Land use trajectories and ecological responses varied markedly across scenarios. Under the business-as-usual scenario, cropland declined by 50.71%, while construction land and water bodies expanded by 22.05% and 14.09%, respectively. In the economic development scenario, cropland and grassland decreased by 49.93% and 0.07%, with construction land increasing by 28.54%. In contrast, the ecological protection scenario resulted in a 43.94% reduction in cropland and a 6.06% decrease in grassland, alongside a 15.81% increase in forest land. Under this scenario, the proportion of medium-high carbon storage areas rose by 0.59%, and medium-high water yield zones accounted for 34.69% of the region, whereas the economic scenario led to a 2.57% decline in medium-high carbon storage areas.
Driver analysis revealed that the interaction between slope (X2) and NDVI (X7) had the strongest explanatory power for carbon storage, underscoring the combined influence of topography and vegetation on carbon sequestration. Slope also emerged as a dominant factor influencing habitat quality and soil retention, while annual precipitation (X4) primarily governed water yield.
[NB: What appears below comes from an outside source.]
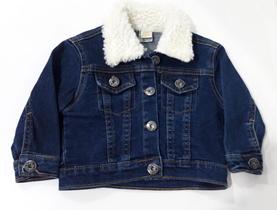 Casaco Bebê Jeans c/ Gola em Pelo Casaco Bebê Jeans c/ Gola em Pelo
Socioeconomic variables, including population density (X8), night-time light intensity (X9), and GDP (X10), consistently exerted negative pressures on carbon storage capacity and habitat quality.
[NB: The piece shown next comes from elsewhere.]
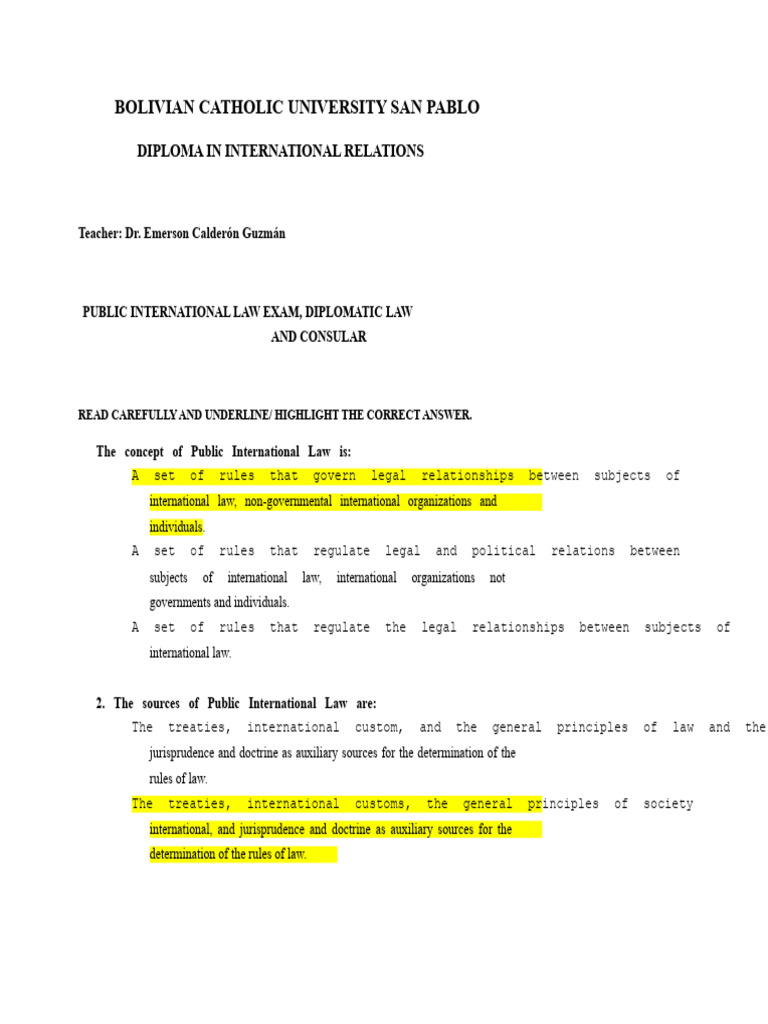 Public International Law Exam Guide | PDF | Treaty | International Law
Overall, land use structure and its evolutionary trajectory play a central role in reshaping the spatial patterns of ecosystem services, with the underlying mechanism primarily driven by the reconfiguration of service supply and demand induced by reductions in ecological land or variations in protection intensity. The integrated framework of “historical evolution identification-scenario simulation-driving mechanism interpretation” proposed in this study offers both quantitative rigor and explanatory depth, rendering it well-suited to support planning efforts in regions undergoing concurrent urban expansion and ecological restoration. This framework provides a scientific foundation for optimizing territorial spatial development and enhancing ecological conservation in the Beijing–Tianjin–Hebei region, while also exhibiting strong applicability to other rapidly urbanizing areas. It offers strategic insights for improving ecosystem service provision and advancing spatial governance in similar socioecological contexts.
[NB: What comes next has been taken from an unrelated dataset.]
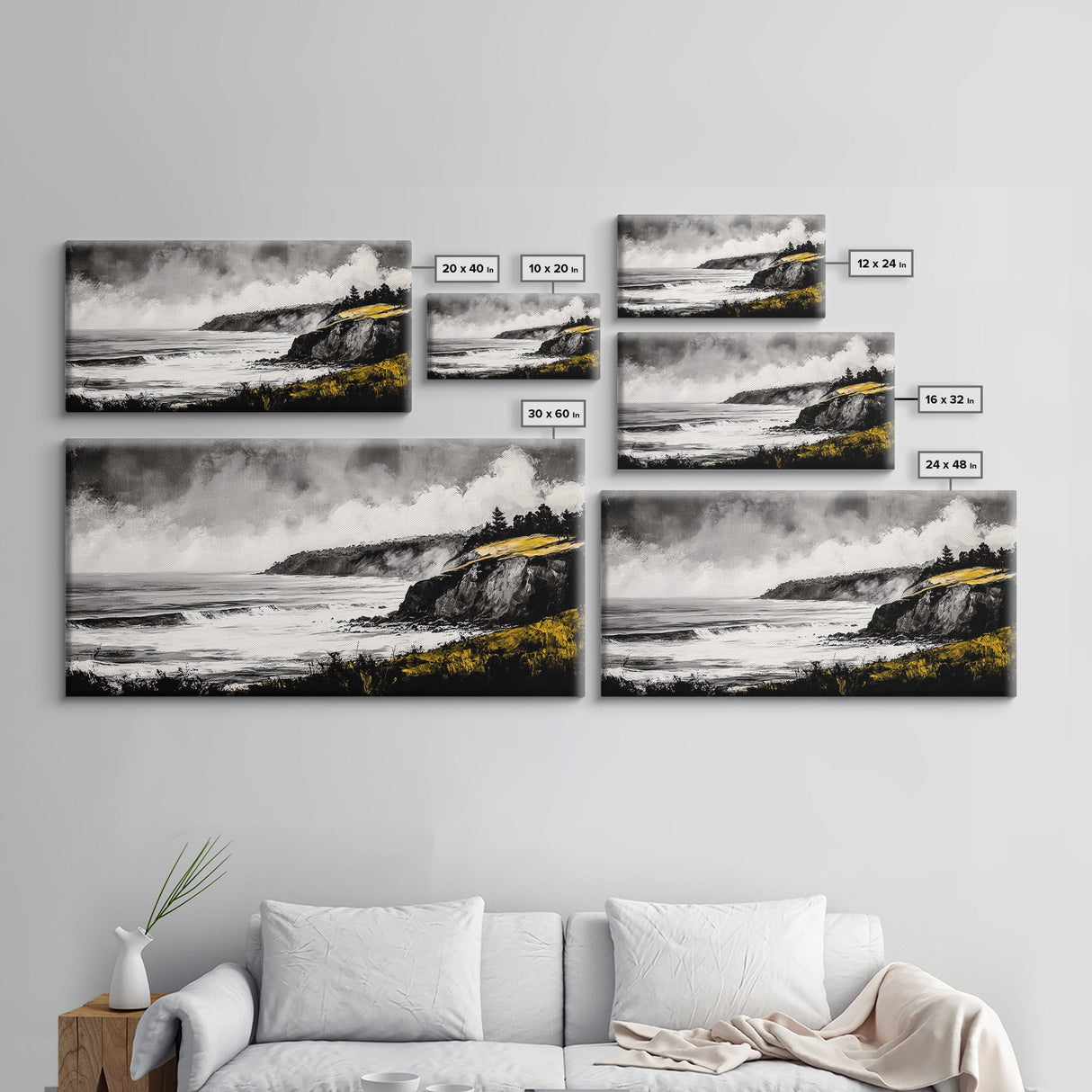 Rugged Coast, Ocean Horizon, Green Cliffs, Canvas Print, Coastal Landscape, Nautical Wall Art, Modern Home Decor, Living Room Art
Future research should emphasize the localized calibration of model parameters and scenario configurations, taking into account region-specific biophysical conditions and policy priorities to enhance the regional adaptability and policy relevance of the framework. Moreover, it is imperative to strengthen the regulation and classification of ecological land use, with particular emphasis on preserving the integrity and connectivity of critical ecological function zones. The integration of ecosystem service assessments into land use planning processes is essential to systematically embed ecological values into spatial governance, thereby fostering synergistic outcomes in ecological protection and high-quality regional development.